Daria Abramowicz nagle zabrała głos. Psycholożka Świątek wyjaśniła swoją rolę
Mimo że Iga Świątek zakończyła zmagania w turnieju WTA Finals w Rijadzie już na poziomie fazy grupowej, to sezon dla Polki wcale się nie skończył. Nasza zawodniczka w barwach reprezentacji Polski powalczy o jak najlepszy wynik w turnieju Billie Jean King Cup. Do Malagi wraz ze Świątek udała się psycholożka Polki - Daria Abramowicz.

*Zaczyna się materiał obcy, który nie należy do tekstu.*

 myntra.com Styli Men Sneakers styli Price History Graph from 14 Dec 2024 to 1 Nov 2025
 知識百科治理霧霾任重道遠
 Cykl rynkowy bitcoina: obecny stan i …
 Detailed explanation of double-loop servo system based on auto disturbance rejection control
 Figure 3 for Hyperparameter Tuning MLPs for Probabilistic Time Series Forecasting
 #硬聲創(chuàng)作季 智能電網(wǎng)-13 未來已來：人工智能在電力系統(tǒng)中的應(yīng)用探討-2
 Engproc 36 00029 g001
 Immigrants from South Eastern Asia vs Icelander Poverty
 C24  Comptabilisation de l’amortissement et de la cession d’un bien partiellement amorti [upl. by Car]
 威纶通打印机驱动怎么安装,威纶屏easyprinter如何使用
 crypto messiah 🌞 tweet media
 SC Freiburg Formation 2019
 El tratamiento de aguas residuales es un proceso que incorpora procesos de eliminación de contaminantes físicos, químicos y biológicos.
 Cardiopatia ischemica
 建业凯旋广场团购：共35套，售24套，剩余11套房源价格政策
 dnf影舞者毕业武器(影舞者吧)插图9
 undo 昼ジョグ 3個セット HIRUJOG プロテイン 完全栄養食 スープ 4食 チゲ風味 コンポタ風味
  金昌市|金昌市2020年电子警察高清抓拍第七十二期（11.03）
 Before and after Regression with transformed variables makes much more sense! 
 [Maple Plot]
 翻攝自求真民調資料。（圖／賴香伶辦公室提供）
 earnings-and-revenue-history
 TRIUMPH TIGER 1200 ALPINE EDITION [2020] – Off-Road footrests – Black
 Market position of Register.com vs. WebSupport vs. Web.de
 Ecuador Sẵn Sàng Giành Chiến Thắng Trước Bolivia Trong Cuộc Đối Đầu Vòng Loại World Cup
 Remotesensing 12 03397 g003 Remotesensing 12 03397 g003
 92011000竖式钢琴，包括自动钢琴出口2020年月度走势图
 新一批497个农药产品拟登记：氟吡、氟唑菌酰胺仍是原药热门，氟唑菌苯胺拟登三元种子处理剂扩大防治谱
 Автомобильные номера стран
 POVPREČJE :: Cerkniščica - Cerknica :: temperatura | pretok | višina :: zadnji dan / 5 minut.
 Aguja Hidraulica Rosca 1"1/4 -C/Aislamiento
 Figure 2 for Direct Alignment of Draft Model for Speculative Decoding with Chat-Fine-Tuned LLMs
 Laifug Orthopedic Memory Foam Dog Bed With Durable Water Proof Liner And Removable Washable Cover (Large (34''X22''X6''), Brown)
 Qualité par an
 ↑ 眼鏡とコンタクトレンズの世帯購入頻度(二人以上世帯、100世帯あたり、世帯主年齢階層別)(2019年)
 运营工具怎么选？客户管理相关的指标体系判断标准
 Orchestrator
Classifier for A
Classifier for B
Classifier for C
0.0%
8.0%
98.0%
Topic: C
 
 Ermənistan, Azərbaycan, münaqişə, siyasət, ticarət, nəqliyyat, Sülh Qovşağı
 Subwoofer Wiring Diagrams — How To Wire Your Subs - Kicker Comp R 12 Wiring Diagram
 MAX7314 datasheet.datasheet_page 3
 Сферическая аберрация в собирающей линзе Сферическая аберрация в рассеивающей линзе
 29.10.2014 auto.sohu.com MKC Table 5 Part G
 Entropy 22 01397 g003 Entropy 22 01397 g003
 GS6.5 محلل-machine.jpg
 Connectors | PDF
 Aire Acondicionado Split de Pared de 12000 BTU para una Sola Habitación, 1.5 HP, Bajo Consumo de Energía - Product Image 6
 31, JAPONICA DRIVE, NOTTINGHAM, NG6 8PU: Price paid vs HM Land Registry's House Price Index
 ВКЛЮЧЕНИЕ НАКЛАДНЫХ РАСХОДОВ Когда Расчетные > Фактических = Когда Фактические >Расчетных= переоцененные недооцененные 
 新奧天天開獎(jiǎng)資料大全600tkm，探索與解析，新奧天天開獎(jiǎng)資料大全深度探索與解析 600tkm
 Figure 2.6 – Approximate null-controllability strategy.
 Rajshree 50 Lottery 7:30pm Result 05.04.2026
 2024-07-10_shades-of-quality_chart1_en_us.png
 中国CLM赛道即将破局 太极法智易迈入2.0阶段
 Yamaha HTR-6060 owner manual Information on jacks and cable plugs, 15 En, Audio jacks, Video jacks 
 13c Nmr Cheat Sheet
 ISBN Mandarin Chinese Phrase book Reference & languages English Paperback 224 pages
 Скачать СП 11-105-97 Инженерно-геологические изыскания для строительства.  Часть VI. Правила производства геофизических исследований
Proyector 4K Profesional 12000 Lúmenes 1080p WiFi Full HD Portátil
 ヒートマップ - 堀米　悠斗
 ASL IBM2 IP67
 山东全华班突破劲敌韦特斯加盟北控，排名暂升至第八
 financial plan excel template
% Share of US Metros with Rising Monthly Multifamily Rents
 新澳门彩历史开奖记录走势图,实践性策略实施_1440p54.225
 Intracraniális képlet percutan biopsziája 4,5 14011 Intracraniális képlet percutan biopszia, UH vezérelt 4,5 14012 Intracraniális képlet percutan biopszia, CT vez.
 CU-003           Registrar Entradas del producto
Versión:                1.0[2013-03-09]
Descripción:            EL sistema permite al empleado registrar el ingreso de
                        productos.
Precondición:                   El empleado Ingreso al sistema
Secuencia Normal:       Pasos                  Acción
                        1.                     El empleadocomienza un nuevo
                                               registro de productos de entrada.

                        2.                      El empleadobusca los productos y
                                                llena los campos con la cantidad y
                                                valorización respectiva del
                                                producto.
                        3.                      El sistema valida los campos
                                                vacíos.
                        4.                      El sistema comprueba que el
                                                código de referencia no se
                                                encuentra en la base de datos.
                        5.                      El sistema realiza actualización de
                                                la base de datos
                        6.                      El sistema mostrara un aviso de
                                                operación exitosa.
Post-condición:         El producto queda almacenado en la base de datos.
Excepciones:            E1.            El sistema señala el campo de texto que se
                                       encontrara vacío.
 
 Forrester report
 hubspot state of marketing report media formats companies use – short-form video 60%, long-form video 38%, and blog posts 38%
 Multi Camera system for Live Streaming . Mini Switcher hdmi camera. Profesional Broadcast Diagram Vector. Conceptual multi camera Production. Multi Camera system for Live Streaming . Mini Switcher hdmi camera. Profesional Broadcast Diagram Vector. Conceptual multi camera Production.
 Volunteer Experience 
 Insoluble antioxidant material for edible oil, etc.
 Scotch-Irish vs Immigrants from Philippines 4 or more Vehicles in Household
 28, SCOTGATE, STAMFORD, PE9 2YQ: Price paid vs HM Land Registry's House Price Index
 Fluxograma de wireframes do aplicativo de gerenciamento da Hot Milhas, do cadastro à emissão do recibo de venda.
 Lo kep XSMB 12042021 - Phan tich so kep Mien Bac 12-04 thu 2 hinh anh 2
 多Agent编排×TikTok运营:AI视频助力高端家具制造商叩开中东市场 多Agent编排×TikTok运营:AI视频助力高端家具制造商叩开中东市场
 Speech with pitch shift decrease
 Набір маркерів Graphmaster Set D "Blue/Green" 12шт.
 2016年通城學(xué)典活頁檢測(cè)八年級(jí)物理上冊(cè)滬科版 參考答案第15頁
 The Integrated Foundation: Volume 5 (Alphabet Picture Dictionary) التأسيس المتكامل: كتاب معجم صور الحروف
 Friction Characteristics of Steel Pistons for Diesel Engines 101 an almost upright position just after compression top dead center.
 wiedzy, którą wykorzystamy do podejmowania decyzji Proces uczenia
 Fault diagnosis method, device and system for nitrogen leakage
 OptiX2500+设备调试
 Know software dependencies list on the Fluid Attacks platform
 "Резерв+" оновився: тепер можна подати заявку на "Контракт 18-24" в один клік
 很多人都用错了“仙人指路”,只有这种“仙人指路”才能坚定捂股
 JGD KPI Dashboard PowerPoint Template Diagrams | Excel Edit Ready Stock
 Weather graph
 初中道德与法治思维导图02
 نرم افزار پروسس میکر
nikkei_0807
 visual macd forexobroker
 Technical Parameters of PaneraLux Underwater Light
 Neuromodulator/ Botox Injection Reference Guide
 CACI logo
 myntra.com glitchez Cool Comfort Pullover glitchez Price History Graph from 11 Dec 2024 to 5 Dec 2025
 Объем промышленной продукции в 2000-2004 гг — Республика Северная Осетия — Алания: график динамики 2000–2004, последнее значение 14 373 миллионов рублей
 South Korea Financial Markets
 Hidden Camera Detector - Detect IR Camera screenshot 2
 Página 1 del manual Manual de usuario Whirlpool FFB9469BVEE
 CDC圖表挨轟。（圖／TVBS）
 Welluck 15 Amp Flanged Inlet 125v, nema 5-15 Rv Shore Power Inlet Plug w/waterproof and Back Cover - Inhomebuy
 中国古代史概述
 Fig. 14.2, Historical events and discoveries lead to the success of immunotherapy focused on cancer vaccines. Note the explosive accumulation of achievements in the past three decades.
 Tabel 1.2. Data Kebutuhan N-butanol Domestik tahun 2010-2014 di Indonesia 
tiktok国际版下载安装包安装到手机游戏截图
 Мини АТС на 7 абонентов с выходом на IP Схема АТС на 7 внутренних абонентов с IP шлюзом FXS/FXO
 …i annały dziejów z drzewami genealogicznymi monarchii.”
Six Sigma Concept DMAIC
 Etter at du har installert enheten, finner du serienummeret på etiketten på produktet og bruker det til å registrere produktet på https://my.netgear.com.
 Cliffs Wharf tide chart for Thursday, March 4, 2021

Rozgrywki WTA Finals były ostatnim tegorocznym turniejem pod egidą największej organizacji kobiecego tenisa na świecie. Zmagań w Rijadzie dobrze nie będzie wspominać Iga Świątek. Polka, mimo dwóch zwycięstw, nie zdołała wywalczyć awansu do półfinału i odpadła ze zmagań już na etapie fazy grupowej.
ZOBACZ TAKŻE: Świątek już wyjechała z Arabii, a tu pilny komunikat WTA. Jest potwierdzenie
Nie oznacza to jednak, że sezon tenisowy dla Polki zakończył się wraz ze zmaganiami w Rijadzie. Nasza zawodniczka po kilku dniach odpoczynku wybrała się do Malagi, gdzie w barwach reprezentacji Polski powalczy w rozgrywkach Billie Jean King Cup. Polki o ćwierćfinał imprezy zagrają z Hiszpankami.
Wraz ze Świątek do Malagi przyleciała psycholożka wiceliderki rankingu WTA - Daria Abramowicz. 37-latka, która od 2019 roku współpracuje z najlepszą polską tenisistką, w trakcie Billie Jean King Cup wzięła pod swoją opiekę również pozostałe reprezentantki Polski. Na kilka dni przed pierwszym meczem naszej kadry Abramowicz udzieliła krótkiego wywiadu Polskiemu Związkowi Tenisowemu.
- Przyjeżdżamy tu jako zespół, mamy jeden cel. To fundamentalna cecha mistrzowskiego zespołu. Staramy się wskazać mocne strony i zasoby, z których korzystamy w trakcie rywalizacji. One tak naprawdę są niezależne od tego, czy to jest mecz reprezentacyjny, czy kolejny mecz w tourze tenisowym. Na korcie wszystko toczy się tak samo - rozpoczęła Abramowicz.
Psycholożka opowiedziała również o konkretnych treningach mentalnych, jakie wdrożyła w pracy z reprezentacją Polski.
- Skupiamy się na narzędziach treningu mentalnego, które pozwalają regulować napięcie w bieżącym momencie. Do tego techniki oddechowe i koncentracji. I przede wszystkim komunikacja i to żeby dbać o relacje - podsumowała 37-latka.
W pierwszym meczu w Maladze Polki zmierzą się ze wspomnianymi Hiszpankami. W przypadku awansu do ćwierćfinału nasze zawodniczki o najlepszą czwórkę prawdopodobnie zagrają z Czeszkami. W składzie powołanym na turniej przez Dawida Celta, obok Świątek znalazły się Magdalena Fręch, Magda Linette, Maja Chwalińska i Katarzyna Kawa.